■ Task to carry out: Write again exactly the lines in the listing below, starting at the line with "автомата Калашникова AK-ALFA" and ending at the line with "Anvelope Michelin Pilot Sport 4 225 45 r17", both included. Pictures are not copied.

■ Data to examine:

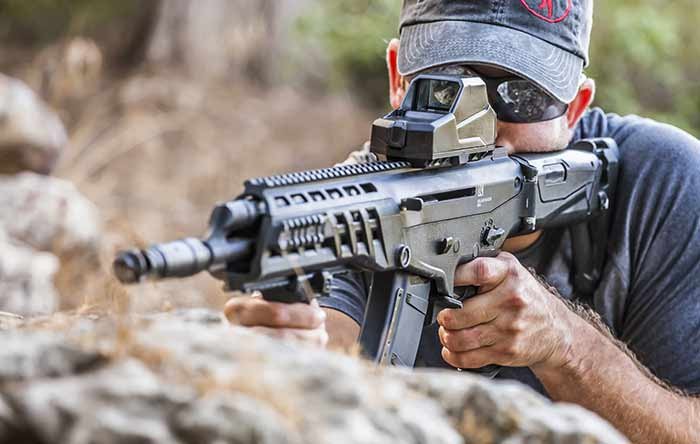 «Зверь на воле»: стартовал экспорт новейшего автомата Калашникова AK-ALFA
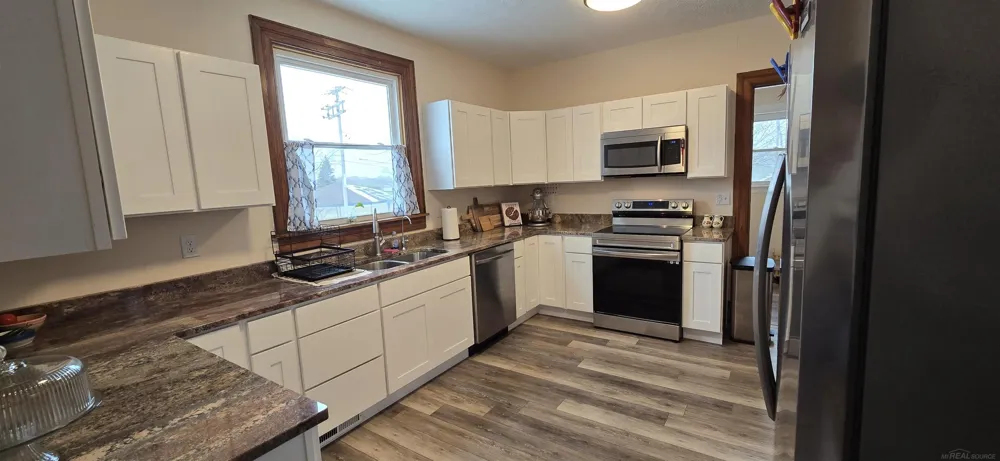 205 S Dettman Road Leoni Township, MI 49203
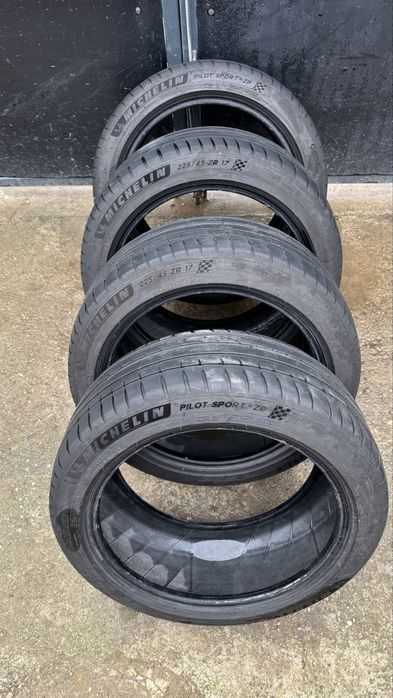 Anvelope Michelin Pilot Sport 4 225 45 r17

==

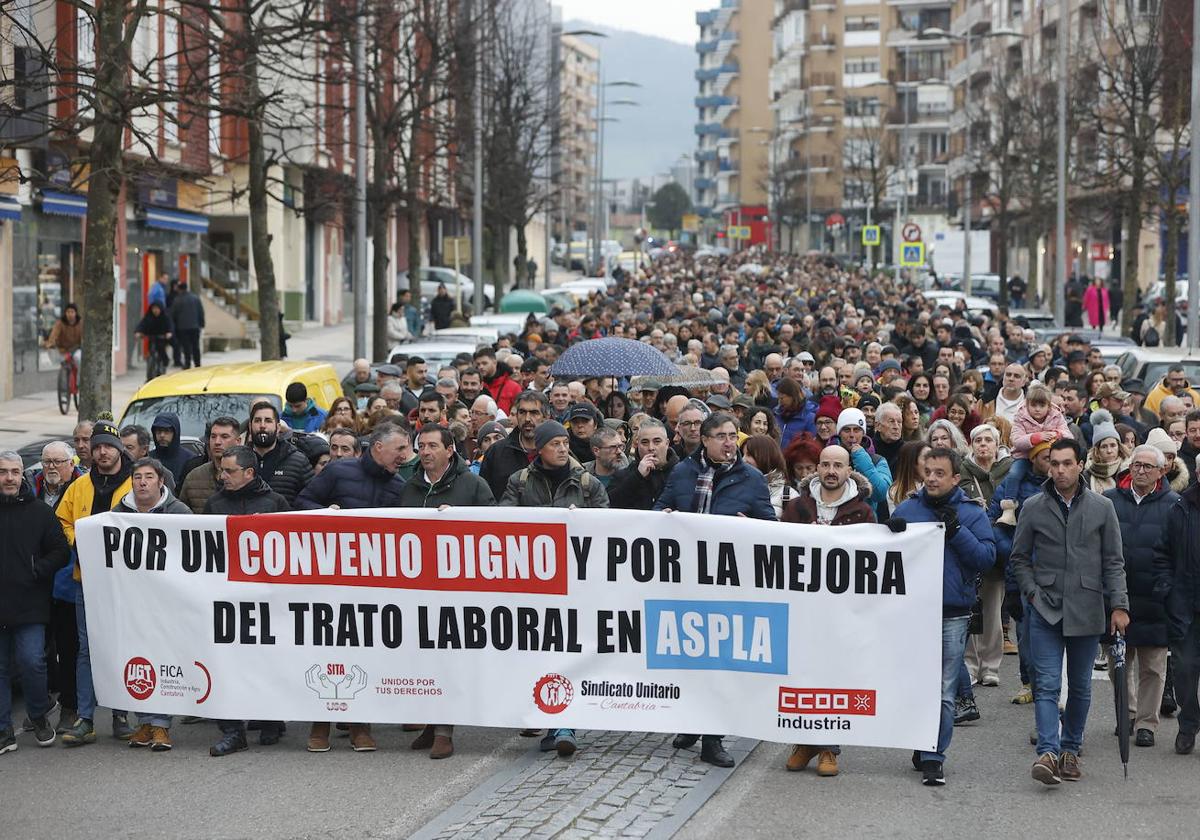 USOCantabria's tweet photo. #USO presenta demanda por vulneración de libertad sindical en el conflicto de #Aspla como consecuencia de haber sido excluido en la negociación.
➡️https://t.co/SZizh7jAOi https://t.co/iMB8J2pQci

---

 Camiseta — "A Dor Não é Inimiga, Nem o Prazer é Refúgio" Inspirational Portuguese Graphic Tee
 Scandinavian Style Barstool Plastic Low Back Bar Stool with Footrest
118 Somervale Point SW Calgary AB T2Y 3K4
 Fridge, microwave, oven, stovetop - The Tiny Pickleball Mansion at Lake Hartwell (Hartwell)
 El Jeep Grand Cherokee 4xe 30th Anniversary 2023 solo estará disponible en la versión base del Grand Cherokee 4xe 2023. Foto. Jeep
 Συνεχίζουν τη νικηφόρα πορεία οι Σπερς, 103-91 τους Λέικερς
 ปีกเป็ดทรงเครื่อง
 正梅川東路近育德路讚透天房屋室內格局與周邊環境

■ Response below:
 «Зверь на воле»: стартовал экспорт новейшего автомата Калашникова AK-ALFA
 205 S Dettman Road Leoni Township, MI 49203
 Anvelope Michelin Pilot Sport 4 225 45 r17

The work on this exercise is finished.